Jon Taffer: Bar Rescue, Bar Backlash and Beyond
Jon Taffer is a divisive figure in the spirits industry. The 61-year-old host of Spike TV’s Bar Rescue makes his living helping bar owners save their failing businesses on TV and his popularity hinges on his (expletive-rich) personality and his business know-how (which also tends to be expletive-rich). But while the show has been popular with viewers since its 2011 debut (Season Five debuted on August 7), the host has consistently come under fire from the bar community over what they view as blasphemous views of barroom mores or, occasionally, outright incompetence.
In March, Taffer conducted an interview with The Huffington Post in which he expounded on his belief that bartenders should never drink behind the bar and said that mezcal was made from the hallucinogenic drug mescaline (it’s not). In April, he appeared on The Meredith Viera Show, where he incorrectly showed viewers how to make “the perfect Manhattan,” using muddled fruit and no vermouth. (Here’s how it’s actually done.)
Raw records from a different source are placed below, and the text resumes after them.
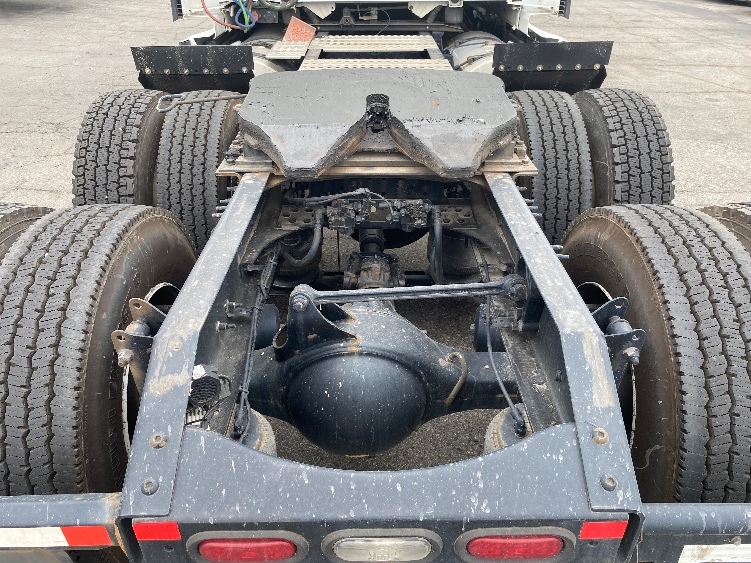 2023 Volvo VNL 760 in Torrance, CA — photo 6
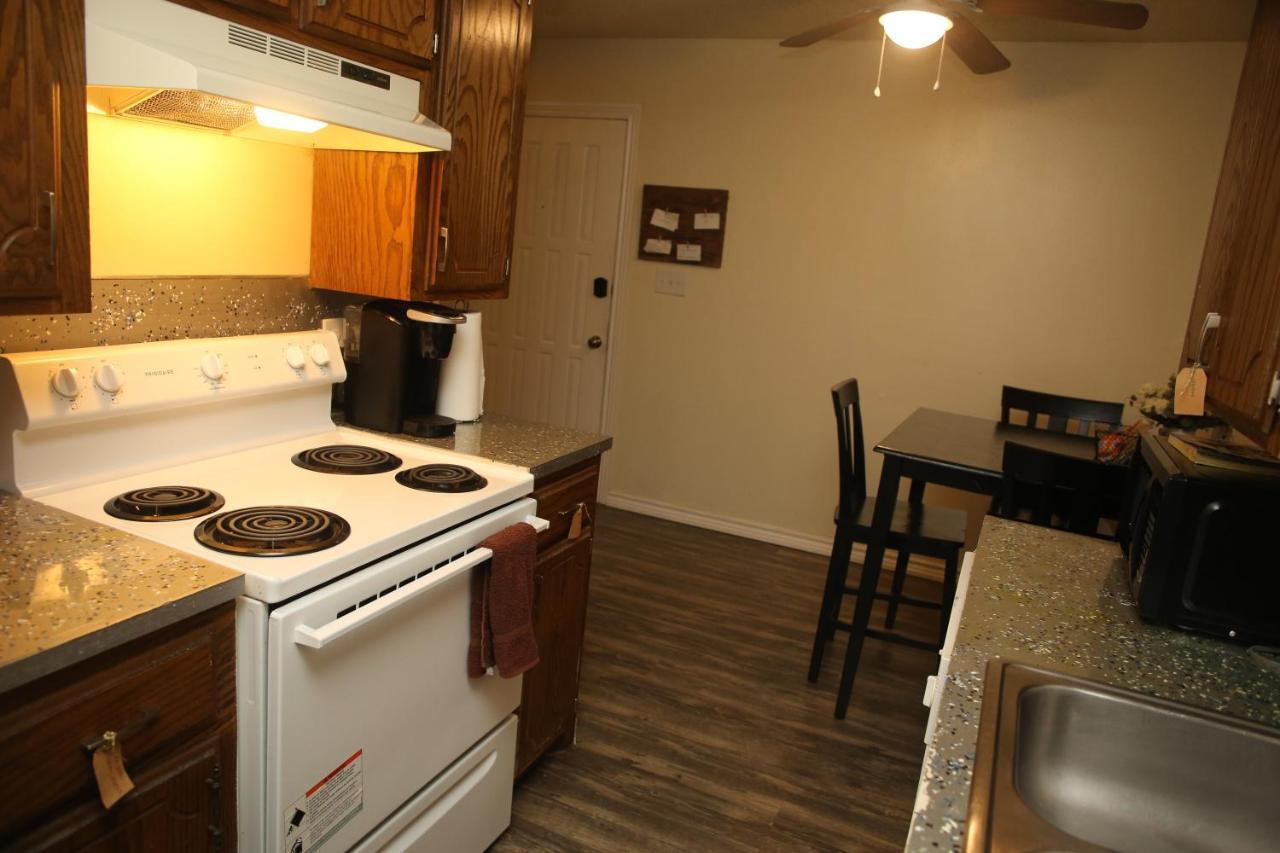 דירות לאוטון 2 Bed/ 1 Bath Next To Ft. Sill מראה חיצוני תמונה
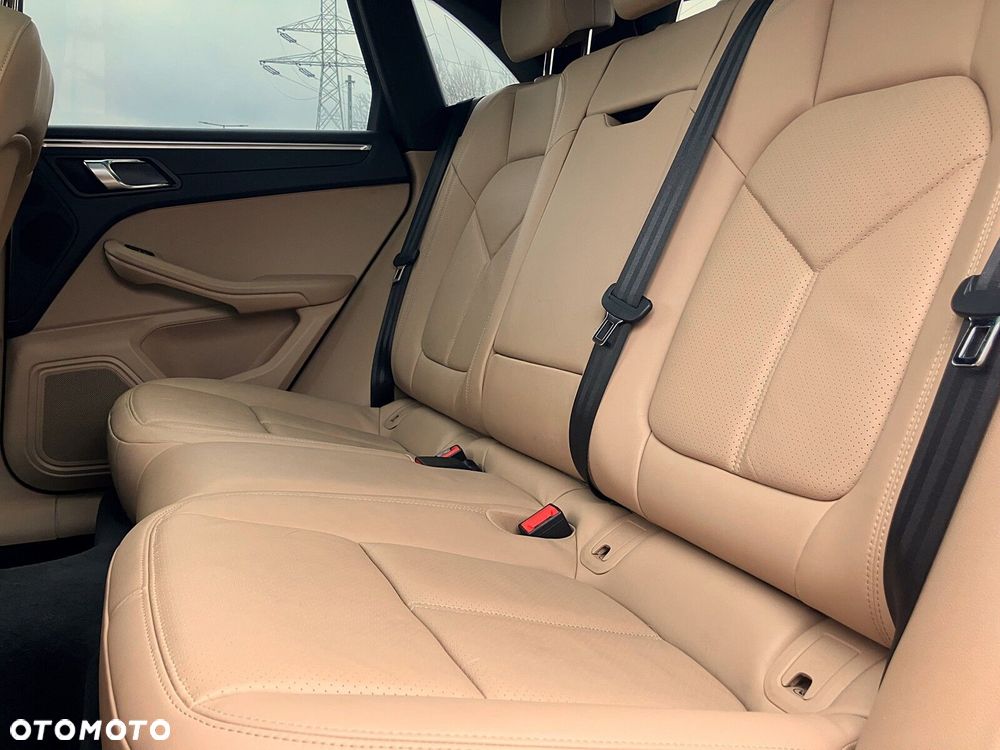 Porsche Macan - 31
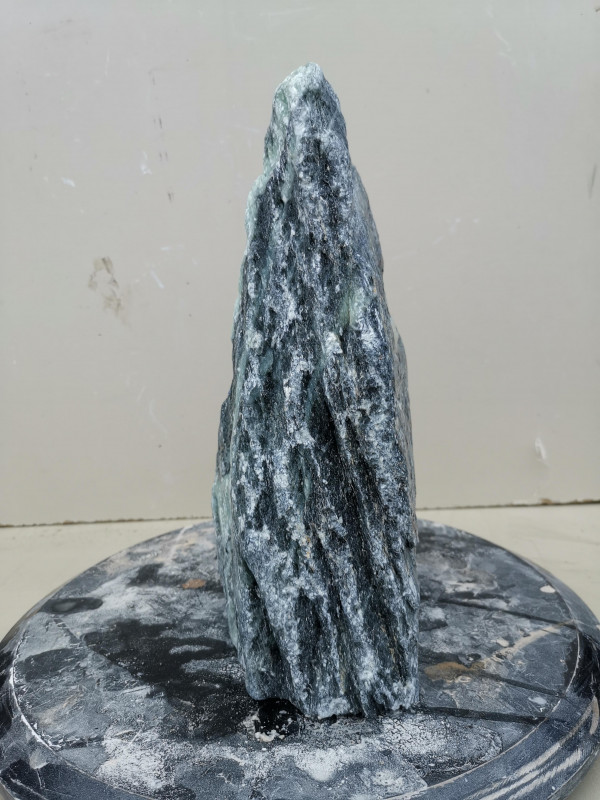 Speckstein; Einzelst�ck; aus Indien; schwarz- t�rkis, vlt. braun; 8,220 kg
But much as it might chafe his detractors, Taffer’s reign as the on-air face of the bartending industry shows no sign of weakening. Indeed, Spike recently ordered a pilot of a late-night talk show starring him which will air in October. We recently got the chance to chat with the man about the controversy and what comes next.
This interview has been lightly edited for clarity.
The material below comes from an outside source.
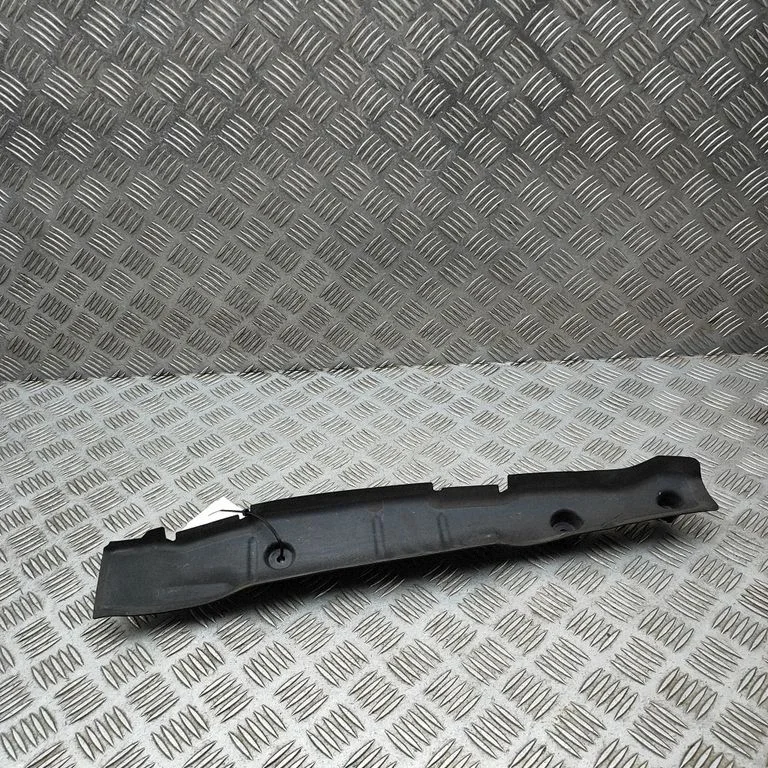 Fender end trim – Audi A5 Sportback 8TA (2009-2016)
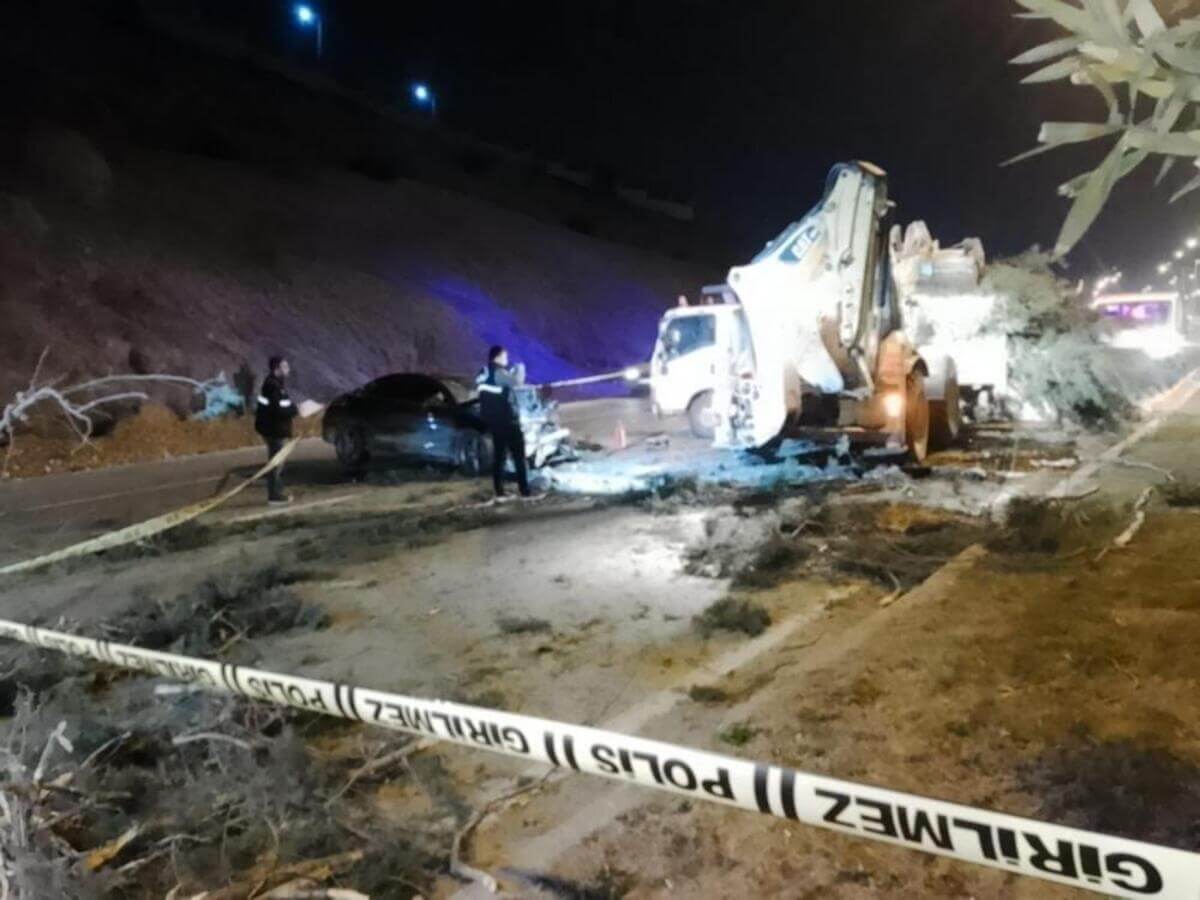 Feci kazada otomobil iş makinesine çarptı! 1 Ölü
Supercall: What was the industry blowback like after The Huffington Post interview?
Jon Taffer: I thought it was sort of funny to tell you the truth. I was referring to an urban legend that tequila is hallucinogenic. And the question I was asked was, “What alcohol do customers believe will make them the drunkest?” So I was speaking to urban legend. Things don’t always communicate exactly as they should.
[Editor’s note: Taffer’s exact quote was “I’m not sure if there’s a definition of one gets you angry or not, but tequila is inherently made from mezcal, which mescaline, the hallucinogenic drug is made from. So tequila can have a hallucinogenic component, you might be talking to someone who’s not there. (Laughs)”]
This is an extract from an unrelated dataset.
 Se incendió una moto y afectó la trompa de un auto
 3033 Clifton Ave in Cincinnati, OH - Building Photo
SC: Is it upsetting when bartenders call you out in public?
I love bartenders. I started in this business as a bartender and they’re the backbone of my community. But I’m not a bartender anymore. I look at things as an owner. As an owner, I do not want people drinking while they work for me. If there are certain bartenders that don’t agree, it’s perfectly fine. God bless ‘em! But they’re not going to work for me.
[On Bar Rescue] I demand that owners treat their bartenders and waitresses with respect and dignity. I’ve worked really hard to gain the respect of my industry and I think the bartending community actually really likes and respects me. I think the rest of it is trivial B.S. to be honest with you. There’s about 20 or 30 snobby bartenders in America, and it doesn’t really bother me if they felt otherwise.
SC: What do you think you’ve accomplished with Bar Rescue after 125 rescues?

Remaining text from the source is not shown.